At a conservative estimate, I think I refer to myself as a “broken freak” at least 50 times a day. Sometimes this is an answer to my own internal questions (Q: dammit, why can’t I pick that up? A: because I’m a broken freak). More often, though, it’s just an accusation that pops into my mind out of nowhere. And it’s by no means the only choice phrase I have for myself. Other favourites include “useless shit”, “failure”, and “I used to be someone”.
Of course if anyone else spoke to me like this, I wouldn’t put up with it. This is the kind of thing a good psychologist gets you to reflect on. If a friend came and spoke to me in such terms, I’d quickly tell them to leave, and promptly stop considering them a friend. So how is it okay to speak to myself that way? To which the dark part of me likes to reply: because sometimes truth hurts, and the least I can do is be honest with myself, even if others won’t be. After all I am broken, and by the basic laws of nature I should well and truly be dead. Freak indeed.
I know from past experience that there is no point in trying to argue myself out of this mindset. That will only lead me deeper into the pit of self loathing. The only thing that can really work is either a change of situation, or changing how I interact with my situation.
Well, I’m about to get a change of situation, one way or the other. And since being on maintenance here at rehab, I’ve used some of the time to start reading serious work again. It’s very hard to find anywhere remotely quiet enough to concentrate, but nonetheless I’ve managed a few academic articles, and I’m currently a third of the way through Adam Smith’s phenomenal first book, The Theory of Moral Sentiments. (It helps that I’ve read it many times before and have a PDF copy.) Yesterday, I even managed to send comments to a friend regarding their draft paper. After months of trying to rehab my body, it genuinely feels good to have also started trying to rehab my mind.
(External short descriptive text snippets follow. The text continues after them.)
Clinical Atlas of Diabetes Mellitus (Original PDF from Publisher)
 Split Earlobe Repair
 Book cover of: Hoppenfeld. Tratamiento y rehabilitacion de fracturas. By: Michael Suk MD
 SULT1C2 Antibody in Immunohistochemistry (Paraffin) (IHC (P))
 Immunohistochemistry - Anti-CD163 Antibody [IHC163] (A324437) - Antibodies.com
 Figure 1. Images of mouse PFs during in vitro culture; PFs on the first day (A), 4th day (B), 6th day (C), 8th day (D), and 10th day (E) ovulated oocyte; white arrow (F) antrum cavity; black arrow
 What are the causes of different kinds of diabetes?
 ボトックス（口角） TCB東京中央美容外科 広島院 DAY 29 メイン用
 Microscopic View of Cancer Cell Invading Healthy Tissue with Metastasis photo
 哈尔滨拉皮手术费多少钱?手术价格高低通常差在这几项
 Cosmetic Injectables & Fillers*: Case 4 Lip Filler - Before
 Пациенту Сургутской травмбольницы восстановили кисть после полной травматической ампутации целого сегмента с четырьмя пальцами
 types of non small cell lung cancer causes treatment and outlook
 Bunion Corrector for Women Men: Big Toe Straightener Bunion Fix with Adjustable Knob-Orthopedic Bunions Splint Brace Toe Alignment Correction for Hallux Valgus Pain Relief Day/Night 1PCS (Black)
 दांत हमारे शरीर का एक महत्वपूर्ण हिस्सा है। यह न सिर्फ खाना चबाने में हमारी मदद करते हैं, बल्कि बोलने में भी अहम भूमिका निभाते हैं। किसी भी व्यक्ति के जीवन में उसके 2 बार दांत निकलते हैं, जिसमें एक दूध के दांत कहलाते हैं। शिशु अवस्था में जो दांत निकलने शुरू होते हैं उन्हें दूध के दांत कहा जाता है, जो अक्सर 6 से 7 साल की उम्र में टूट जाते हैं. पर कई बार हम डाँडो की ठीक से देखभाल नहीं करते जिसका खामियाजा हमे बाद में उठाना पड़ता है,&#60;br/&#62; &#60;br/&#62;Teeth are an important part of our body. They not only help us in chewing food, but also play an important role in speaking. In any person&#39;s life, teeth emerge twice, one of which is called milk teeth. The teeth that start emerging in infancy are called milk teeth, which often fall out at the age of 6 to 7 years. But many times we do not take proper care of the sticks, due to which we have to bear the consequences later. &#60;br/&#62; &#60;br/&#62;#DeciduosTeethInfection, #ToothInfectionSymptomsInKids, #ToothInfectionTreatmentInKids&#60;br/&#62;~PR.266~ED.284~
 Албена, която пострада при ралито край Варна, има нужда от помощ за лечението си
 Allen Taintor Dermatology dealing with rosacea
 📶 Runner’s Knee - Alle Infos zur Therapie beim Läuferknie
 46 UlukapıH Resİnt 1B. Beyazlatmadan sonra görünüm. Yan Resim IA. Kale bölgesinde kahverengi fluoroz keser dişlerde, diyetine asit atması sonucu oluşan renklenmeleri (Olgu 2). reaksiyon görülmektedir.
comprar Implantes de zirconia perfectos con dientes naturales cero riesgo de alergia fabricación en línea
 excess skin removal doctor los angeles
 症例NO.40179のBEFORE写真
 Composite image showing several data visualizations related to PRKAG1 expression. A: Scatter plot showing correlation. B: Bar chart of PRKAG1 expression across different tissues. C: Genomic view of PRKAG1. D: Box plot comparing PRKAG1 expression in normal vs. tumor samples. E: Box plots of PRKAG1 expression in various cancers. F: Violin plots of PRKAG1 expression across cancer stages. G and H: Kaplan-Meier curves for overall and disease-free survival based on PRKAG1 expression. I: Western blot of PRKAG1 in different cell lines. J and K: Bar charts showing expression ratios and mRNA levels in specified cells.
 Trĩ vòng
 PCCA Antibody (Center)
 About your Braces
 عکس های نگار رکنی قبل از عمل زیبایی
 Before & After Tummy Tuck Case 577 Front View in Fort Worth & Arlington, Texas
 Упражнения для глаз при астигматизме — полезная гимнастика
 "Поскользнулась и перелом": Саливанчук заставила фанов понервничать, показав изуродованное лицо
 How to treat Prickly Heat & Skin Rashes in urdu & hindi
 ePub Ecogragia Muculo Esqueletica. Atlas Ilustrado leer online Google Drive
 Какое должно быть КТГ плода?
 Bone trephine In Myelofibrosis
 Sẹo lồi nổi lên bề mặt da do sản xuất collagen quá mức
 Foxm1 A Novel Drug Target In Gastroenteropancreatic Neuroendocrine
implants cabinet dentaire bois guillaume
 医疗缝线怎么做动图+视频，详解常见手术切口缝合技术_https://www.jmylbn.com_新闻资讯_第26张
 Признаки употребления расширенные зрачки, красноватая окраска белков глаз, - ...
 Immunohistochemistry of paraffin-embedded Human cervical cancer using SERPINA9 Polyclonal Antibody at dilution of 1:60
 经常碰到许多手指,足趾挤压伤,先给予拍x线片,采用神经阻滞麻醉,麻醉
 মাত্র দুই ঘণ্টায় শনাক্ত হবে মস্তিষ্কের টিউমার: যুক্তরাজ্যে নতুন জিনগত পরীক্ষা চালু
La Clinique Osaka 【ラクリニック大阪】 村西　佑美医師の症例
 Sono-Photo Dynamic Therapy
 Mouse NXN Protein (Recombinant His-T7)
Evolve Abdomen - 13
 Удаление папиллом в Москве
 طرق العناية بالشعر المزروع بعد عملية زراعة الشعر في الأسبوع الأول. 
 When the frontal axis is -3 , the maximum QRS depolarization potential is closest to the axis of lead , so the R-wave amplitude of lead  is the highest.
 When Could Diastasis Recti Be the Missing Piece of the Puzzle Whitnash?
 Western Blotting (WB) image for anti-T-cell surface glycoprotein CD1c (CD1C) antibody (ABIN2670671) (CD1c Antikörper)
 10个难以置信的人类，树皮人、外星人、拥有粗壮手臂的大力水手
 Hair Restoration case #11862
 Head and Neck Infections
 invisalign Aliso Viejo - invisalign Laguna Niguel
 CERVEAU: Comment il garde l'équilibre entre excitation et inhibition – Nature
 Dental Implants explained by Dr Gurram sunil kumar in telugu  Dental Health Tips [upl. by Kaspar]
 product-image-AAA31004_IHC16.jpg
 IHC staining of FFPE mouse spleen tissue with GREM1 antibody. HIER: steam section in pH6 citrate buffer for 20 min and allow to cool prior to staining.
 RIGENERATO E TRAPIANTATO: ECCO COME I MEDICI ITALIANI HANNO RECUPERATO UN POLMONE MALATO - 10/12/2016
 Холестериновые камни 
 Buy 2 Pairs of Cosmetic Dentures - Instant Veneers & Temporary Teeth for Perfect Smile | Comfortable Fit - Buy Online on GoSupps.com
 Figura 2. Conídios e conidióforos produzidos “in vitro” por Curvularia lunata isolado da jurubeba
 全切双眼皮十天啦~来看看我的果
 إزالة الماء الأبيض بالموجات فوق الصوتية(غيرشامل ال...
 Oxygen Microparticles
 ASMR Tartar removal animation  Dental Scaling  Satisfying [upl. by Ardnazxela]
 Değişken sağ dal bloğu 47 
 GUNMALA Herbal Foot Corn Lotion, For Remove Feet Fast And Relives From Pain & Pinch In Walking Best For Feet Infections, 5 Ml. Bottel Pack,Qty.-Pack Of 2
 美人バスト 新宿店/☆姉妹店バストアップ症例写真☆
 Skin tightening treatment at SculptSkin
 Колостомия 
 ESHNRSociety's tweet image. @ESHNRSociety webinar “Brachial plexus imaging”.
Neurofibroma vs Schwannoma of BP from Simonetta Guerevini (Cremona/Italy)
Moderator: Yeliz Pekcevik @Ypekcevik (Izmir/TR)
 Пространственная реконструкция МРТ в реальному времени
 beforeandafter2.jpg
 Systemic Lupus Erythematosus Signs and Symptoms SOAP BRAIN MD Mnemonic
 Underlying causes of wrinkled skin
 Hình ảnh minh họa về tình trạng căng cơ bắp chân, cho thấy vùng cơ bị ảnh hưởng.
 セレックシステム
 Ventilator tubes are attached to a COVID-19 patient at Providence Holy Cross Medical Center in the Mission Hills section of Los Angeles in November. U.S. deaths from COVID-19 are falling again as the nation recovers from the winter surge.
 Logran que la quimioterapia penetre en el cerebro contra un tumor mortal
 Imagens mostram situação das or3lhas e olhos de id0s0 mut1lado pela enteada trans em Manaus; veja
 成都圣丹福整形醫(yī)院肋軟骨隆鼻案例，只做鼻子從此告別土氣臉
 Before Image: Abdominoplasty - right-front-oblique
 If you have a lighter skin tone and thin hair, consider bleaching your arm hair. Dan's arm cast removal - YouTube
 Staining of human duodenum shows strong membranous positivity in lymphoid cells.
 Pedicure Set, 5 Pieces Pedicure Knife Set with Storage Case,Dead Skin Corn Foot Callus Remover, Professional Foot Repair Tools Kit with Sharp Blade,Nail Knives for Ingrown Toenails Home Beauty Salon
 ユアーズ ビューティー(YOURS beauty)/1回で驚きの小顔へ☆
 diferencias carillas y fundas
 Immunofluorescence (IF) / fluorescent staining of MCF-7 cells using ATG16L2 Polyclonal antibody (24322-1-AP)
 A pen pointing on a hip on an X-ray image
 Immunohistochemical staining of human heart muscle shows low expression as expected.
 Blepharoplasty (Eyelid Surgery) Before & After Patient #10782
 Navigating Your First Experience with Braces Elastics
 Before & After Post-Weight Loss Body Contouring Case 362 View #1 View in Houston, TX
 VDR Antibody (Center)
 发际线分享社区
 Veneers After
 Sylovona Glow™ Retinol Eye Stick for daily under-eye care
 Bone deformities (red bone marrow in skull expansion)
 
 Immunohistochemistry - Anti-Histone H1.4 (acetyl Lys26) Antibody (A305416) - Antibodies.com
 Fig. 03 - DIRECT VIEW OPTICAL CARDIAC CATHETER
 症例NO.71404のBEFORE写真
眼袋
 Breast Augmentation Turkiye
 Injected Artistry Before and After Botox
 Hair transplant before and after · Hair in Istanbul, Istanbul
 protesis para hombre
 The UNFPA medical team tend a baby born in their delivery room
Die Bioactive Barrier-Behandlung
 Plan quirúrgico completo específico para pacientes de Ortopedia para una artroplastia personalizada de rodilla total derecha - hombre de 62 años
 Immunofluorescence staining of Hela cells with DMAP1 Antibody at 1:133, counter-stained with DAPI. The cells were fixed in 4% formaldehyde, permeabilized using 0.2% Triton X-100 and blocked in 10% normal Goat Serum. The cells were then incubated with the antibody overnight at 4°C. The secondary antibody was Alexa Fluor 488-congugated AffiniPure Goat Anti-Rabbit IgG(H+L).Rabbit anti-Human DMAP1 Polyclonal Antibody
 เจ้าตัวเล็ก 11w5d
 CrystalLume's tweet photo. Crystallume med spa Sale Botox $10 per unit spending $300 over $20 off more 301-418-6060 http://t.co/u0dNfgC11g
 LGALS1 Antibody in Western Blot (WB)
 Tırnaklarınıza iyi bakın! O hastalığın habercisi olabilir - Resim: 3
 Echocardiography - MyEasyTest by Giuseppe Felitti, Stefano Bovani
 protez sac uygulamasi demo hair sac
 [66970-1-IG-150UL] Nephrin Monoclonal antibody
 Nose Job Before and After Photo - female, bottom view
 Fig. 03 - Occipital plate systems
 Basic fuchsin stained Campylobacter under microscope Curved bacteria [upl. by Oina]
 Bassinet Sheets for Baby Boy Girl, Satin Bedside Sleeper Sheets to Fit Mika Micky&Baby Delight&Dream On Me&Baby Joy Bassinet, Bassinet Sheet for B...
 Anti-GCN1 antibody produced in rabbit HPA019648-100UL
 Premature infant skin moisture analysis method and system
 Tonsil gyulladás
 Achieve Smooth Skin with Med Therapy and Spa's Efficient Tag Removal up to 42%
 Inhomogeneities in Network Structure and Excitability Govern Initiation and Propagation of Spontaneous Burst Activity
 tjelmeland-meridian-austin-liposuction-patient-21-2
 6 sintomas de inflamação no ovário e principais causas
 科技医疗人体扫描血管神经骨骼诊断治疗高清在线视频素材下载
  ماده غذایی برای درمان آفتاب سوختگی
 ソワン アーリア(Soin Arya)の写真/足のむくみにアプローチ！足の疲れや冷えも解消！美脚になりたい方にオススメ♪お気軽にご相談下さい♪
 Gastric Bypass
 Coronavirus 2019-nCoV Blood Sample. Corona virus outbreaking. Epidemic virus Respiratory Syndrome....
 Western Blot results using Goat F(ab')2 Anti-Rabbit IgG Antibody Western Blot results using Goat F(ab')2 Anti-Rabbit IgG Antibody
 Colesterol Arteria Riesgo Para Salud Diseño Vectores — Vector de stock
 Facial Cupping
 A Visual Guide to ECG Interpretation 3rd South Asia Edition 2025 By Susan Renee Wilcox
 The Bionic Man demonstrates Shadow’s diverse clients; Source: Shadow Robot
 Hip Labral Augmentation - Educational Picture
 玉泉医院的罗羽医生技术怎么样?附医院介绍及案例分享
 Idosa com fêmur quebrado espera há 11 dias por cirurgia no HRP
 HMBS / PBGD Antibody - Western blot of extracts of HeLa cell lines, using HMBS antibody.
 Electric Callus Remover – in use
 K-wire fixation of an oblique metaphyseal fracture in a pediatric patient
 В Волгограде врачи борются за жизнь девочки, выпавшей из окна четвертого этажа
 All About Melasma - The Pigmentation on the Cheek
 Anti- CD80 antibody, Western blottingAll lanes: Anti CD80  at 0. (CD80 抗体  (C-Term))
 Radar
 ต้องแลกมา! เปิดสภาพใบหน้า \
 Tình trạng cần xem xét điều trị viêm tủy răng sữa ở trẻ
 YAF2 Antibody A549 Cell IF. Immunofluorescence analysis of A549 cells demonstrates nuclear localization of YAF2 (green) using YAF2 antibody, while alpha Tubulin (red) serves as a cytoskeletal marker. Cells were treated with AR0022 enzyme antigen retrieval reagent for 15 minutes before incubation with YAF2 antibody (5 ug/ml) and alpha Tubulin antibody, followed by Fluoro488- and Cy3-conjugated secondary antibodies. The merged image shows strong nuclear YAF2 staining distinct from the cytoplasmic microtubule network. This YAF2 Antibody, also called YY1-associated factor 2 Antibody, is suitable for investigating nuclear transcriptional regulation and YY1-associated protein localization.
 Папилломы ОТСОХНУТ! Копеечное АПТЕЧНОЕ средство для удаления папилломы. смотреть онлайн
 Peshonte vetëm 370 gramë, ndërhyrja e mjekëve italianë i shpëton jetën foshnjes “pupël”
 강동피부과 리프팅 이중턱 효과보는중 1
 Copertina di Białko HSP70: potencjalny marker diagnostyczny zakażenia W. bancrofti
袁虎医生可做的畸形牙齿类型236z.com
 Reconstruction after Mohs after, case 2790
I still find it implausible that I can ever again do worthwhile academic research. But the last few days at least make me feel more optimistic about being able to teach, and of being some help to colleagues as regards the work that they do, at least in due course. The nursing home will hopefully, if nothing else, provide me with opportunities to keep bringing my brain back online. A broken freak I may remain, but hopefully not one that is quite as useless as I feared was now my fate.
Hey Paul. Good news that you are moving on, albeit to somewhere imperfect and interim. But its sweet progress. I've been following your posts for a while and really enjoy your writing. Thanks for sharing this stuff with us internet lurkers. What you are going through is frightening to even consider let alone live, but you're doing it and still making jokes. Massive respect. Looking forward to more words, more progress and to you awakening that brain some more.
YOU are not broken. Your body is broken. You are not your body. It is a shell that houses YOU.
Perhaps looking at it that way can help?
I hope the move is positive and look forward to your posts.
And wonderful that the possility of teaching has settled in your mind.